「巨悪に対する告発状」マネー・ショート 華麗なる大逆転 Golgo14さんの映画レビュー(感想・評価)
巨悪に対する告発状
アメリカの住宅ローンの仕組みとデリバティブ(金融派生)商品のオプション取引を多少とも知らないと理解が難しい作品。
本作品に対する評価は
①取り上げたテーマは良かった。
事実に基づいていてもいなくてもリーマンショックの裏側を扱った映画は皆無なのだから。
②邦題は完全に的外れ。
原題は"The Big Short" 直訳すれば”大いなる空売り”
日本語で”マネーがショート”と言えば資金が不足することを指す。
ましてやサブタイトルの”華麗なる大逆転”は完全にチョンボ。
まったく”華麗”ではないのだから。
③余計なシーンが散見される。
マイケルの少年時代のフットボールの場面、マークの少年時代にユダヤ教のレビが訪問するシーン、ジャレッドが劇中でストーリーを解説する場面など。

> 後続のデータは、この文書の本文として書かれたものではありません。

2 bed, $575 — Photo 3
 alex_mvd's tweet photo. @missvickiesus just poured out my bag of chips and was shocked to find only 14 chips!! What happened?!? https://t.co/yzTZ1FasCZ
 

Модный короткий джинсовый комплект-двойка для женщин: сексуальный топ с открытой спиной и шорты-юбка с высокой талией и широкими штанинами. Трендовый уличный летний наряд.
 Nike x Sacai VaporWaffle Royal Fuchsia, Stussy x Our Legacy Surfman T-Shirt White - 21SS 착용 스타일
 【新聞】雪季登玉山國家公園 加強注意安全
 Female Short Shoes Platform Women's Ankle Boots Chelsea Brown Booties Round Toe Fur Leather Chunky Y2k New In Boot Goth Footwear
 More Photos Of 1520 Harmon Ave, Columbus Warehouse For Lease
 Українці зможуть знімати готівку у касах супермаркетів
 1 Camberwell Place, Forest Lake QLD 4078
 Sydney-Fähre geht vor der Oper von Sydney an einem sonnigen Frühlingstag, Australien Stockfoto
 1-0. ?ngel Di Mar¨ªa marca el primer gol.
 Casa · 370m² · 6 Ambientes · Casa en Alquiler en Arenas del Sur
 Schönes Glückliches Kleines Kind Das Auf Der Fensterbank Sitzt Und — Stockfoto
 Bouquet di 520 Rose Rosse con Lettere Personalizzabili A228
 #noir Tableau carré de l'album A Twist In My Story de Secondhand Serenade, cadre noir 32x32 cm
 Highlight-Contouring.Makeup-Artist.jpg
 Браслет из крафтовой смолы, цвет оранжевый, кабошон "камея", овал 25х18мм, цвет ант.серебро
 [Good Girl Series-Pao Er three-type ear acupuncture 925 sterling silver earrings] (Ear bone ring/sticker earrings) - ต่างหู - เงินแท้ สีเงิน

後のストーリー展開にさほど意味をなさないものが多い。
これでアカデミー脚色賞?
そんな無駄なシーンを探すのも楽しみの1つとは言えるけど。
④クリスチャン・ベールとスティーブ・カレルは熱演していたけど、ライアン・ゴズリングはイマイチ。
”スーパーチューズデー”でもそうなのだけど、彼は・・・・ (個人的な好みかも)
⑤これだけ世界的な恐慌を引き起こした関係者が誰も訴追されなかったことをもっと怒りを込めて訴えて欲しかった。
リーマン・ブラザーズ経営陣だけではなく、SEC(証券取引委員会)、FRB(連邦準備制度理事会)議長、格付け会社(ムーディーズ、S&P社)トップ など。
アメリカでは横領、脱税などの不正だけではなく、企業を倒産させた経営者が訴追、収監されることはよくある。ましてや今回のサブプライムローンに端を発した世界恐慌は犯罪そのものである。
リーマン・ブラザーズ以上にMBS、CDOを発行していたAIGをアメリカ政府は(世界的な影響が大きすぎて)救済したので彼らを訴追出来なかったのか。